The full network has tens of thousands of connectors — one for every pair of sources — but for aesthetic reasons I filtered out all but the 30 strongest for each node. No doubt there are other ways of filtering out edges, but this method proved effective, and it made little difference to the overall shape of the network. I also filtered out any sources that had fewer than 10 articles in my corpus, leaving me with just 178 sources.

The sources in Figure 3 are coloured according to the state or territory to which the sources pertain. National sources, such as The Australian or the ABC News, are coded ‘AUS’. When interpreting all that follows, it’s important to know that the topics by which the similarity of these sources has been measured contain no explicit geographic information. Prior to running the topic model, I stripped out every place name, and for that matter every other kind of name as well (although a few slipped through, like Lock the Gate and Northern Rivers). So the textual content that the topics describe is strictly conceptual rather than nominal. In other words, I did all I could to remove the Where dimension from this analysis.

And yet, the Where has found its way back again. Much of the network is clearly structured along geographic lines, as you can tell from the areas of uniform colouring. This should not be surprising. I’ve been saying all along that the discourse on coal seam gas is defined by geography. Still, I was a little spooked by how strong an influence geography has exerted here.

Divide by five

In order to explore the structure of the network more closely, I’ve coloured the nodes in Figure 4 according to their membership of five modularity classes, or communities, which I detected using Gephi’s modularity tool. Modularity is a standard measure for detecting communities in networks. The idea is that members of a community are more similar to one another than to the other nodes in the network. The number of communities detected by the algorithm is somewhat arbitrary. If I’d changed the resolution threshold of the algorithm, I could have divided the network into more than five communities. Looking at the topology of the network, it doesn’t take too much imagination to see where further divisions might be drawn.
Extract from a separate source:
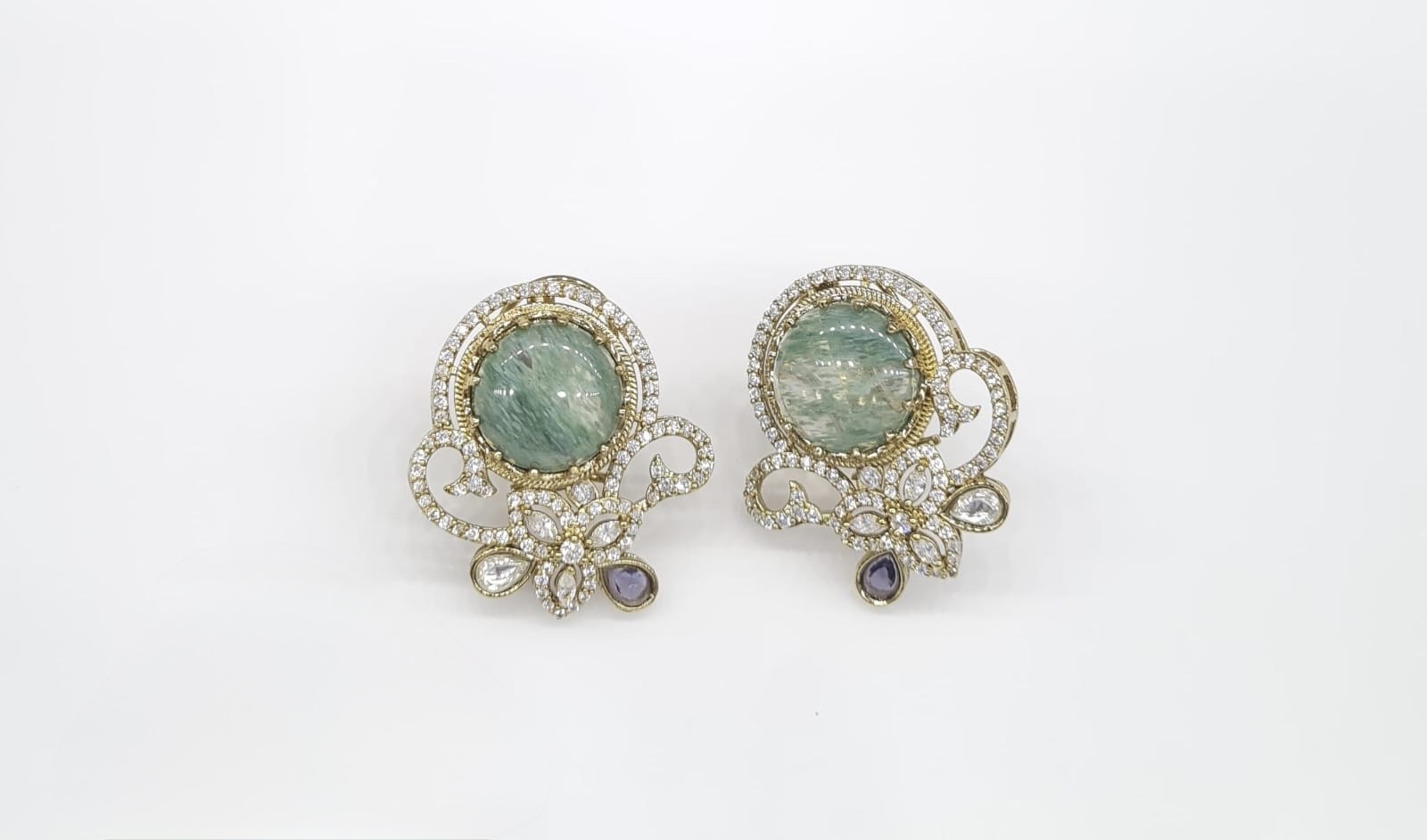 Sabyasachi Earrings 08717 - 6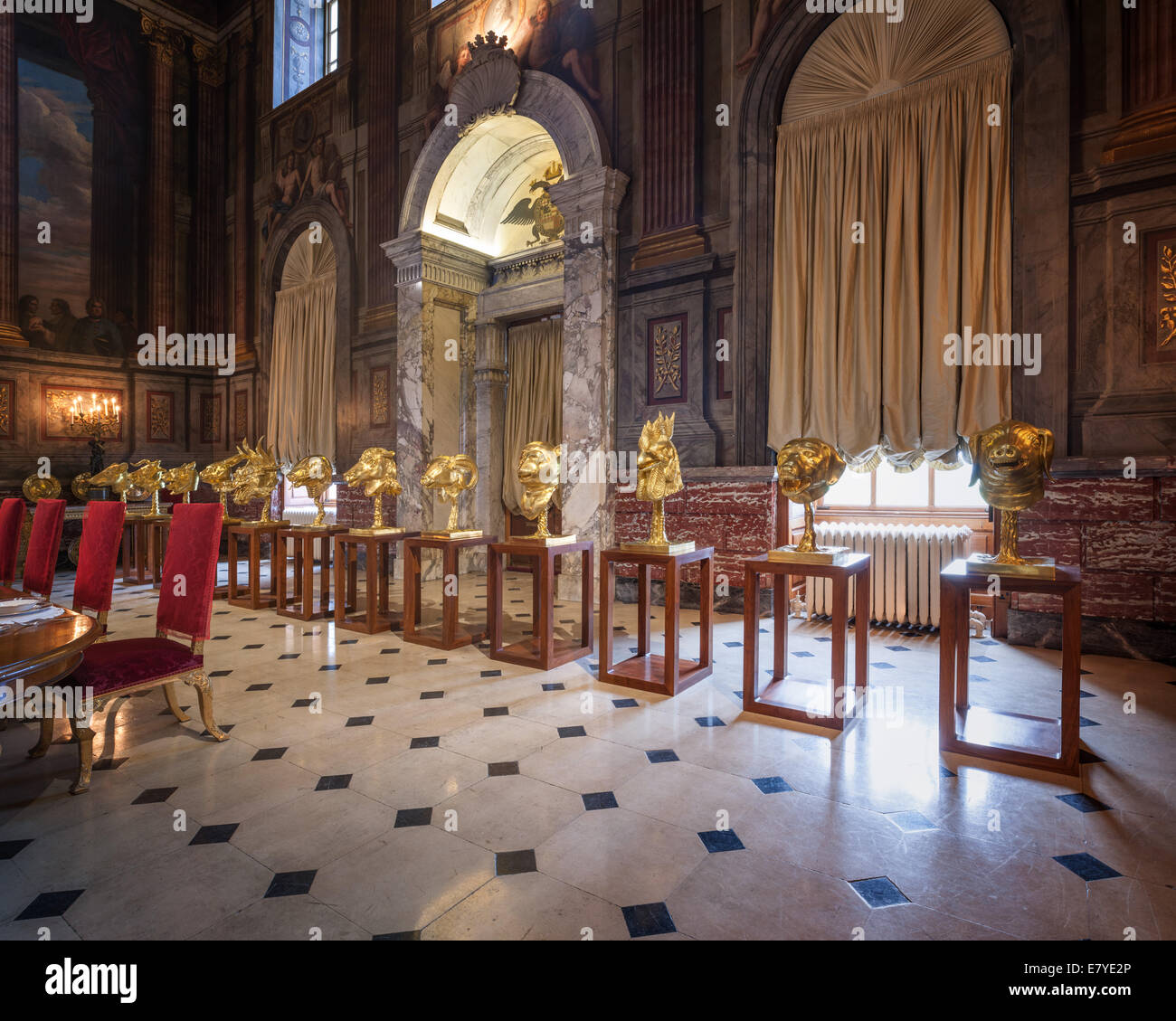 Woodstock, Oxfordshire, Vereinigtes Königreich, Freitag, 26. September 2014 Vorschau von Ai Weiwei im Blenheim Palace, Blenheim Kunststiftung Eröffnungsausstellung, Eröffnung für die Öffentlichkeit am 1. Oktober 2014 Kreis der Tiere Bronze mit Gold Plating im Grand Salon © Nikreates/Alamy Stockfoto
Figure 4. The same network as in Figure 3, but grouped into five modularity classes. Click here to see the same image with labels.
Figure 4. The same network as in Figure 3, but grouped into five modularity classes. Click here to see the same image with labels.

I’m going to step through each of the five classes individually, starting with the blue cluster at the top-left. Figure 5 shows this cluster on its own, with the layout redrawn and the nodes coloured according to the type of source. I’ve also included a map showing the ‘home town’ of each source (other than the national sources), and the top ten terms of the top five topics used by this group. 1

Figure 5. This group of nodes is dominated by national and state-level sources that are not associated with any particular region.
Figure 5. This group of nodes is dominated by national, state, and major metropolitan sources which mainly tend to discuss the business and regulatory aspects of the gas industry.

The cluster in Figure 5 is dominated by national, state-wide and major metropolitan sources. A few regional sources are present too, though I haven’t followed up to see what they have in common. The non-news sources in this group are APPEA (the peak national body representing the petroleum industry) and MPs from the major federal political parties. These three sources occupy their own corner of the graph, suggesting a shared but distinct agenda compared to the other sources. In terms of topics, this cluster is primarily interested in the growth and development of the gas industry, and to a lesser extent, its regulation by government.

The cluster in Figure 6 also has no single geographic affiliation, although the map suggests that it might include some discrete smaller clusters. The largest two sources are again national in their scope, but they are accompanied by a diverse mix of other sources, including four community groups, two independent federal MPs, and the New South Wales Government. Three of the four community groups are in the general area comprising the Newcastle, Central Coast and Hunter Valley regions (the Australian Gas Alliance is one of these), and close to them in the network are newspapers from the same regions: the Newcastle Herald, The Gloucester Advocate, the Maitland Mercury, and the Port Stephens Examiner. The electorate of Rob Oakeshott was in this area too. At the other end of the network is a cluster of newspapers from Victoria and Tasmania.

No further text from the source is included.